◆ WHAT YOU NEED TO DO: Lines below starting with the line with "Borsa hobo Mini Croissant in paglia" and going on through the line with "felix buhler男装" must be output exactly; the rest of the records must be left out.

◆ RECORDS PROVIDED:
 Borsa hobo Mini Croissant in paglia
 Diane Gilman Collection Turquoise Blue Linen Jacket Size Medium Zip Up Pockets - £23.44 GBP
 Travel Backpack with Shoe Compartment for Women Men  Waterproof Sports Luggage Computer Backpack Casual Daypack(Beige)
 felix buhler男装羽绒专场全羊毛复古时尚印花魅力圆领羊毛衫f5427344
==
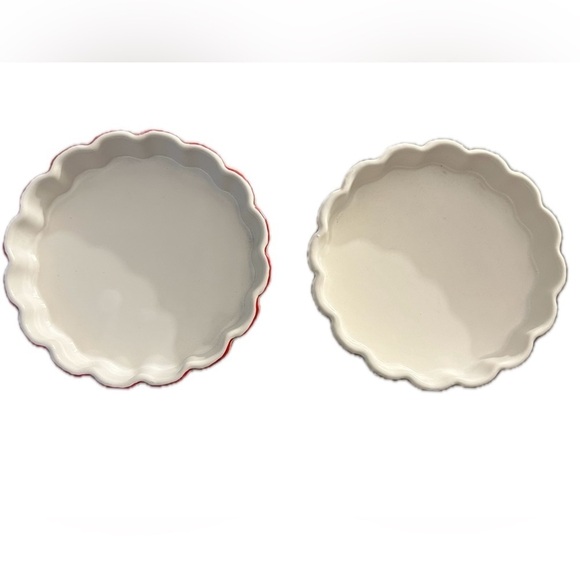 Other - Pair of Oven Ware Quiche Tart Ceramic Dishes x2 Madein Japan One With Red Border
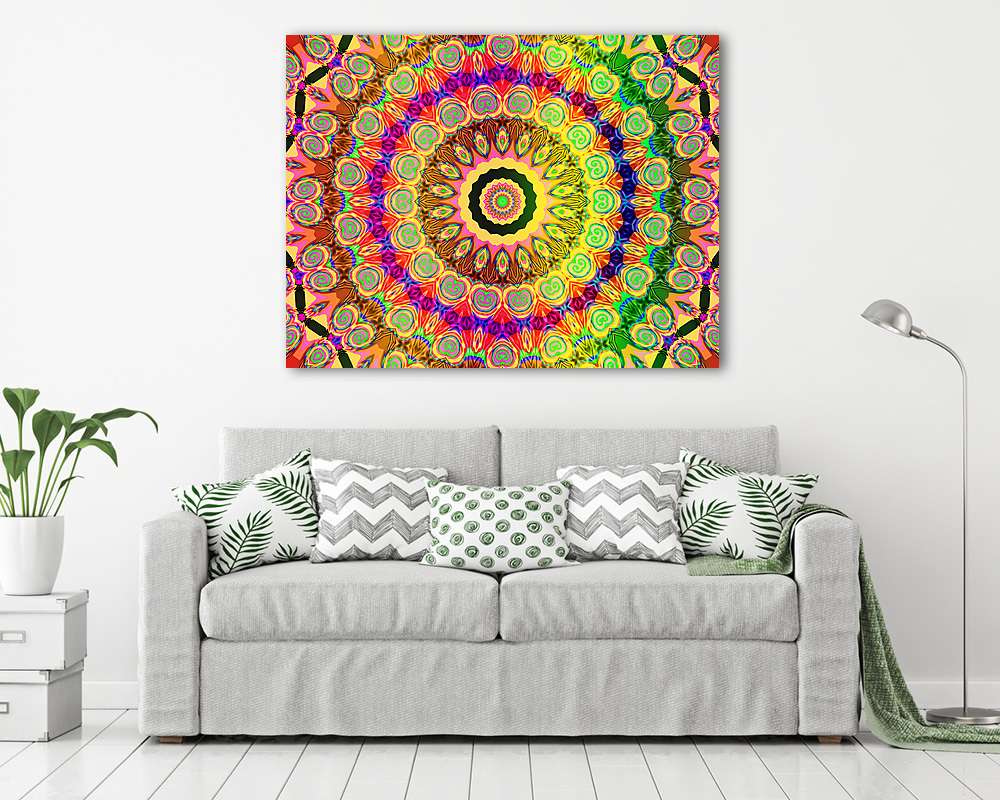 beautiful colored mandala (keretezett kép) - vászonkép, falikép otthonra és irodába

◆ SOLUTION TO THIS PROBLEM:
 Borsa hobo Mini Croissant in paglia
 Diane Gilman Collection Turquoise Blue Linen Jacket Size Medium Zip Up Pockets - £23.44 GBP
 Travel Backpack with Shoe Compartment for Women Men  Waterproof Sports Luggage Computer Backpack Casual Daypack(Beige)
 felix buhler男装羽绒专场全羊毛复古时尚印花魅力圆领羊毛衫f5427344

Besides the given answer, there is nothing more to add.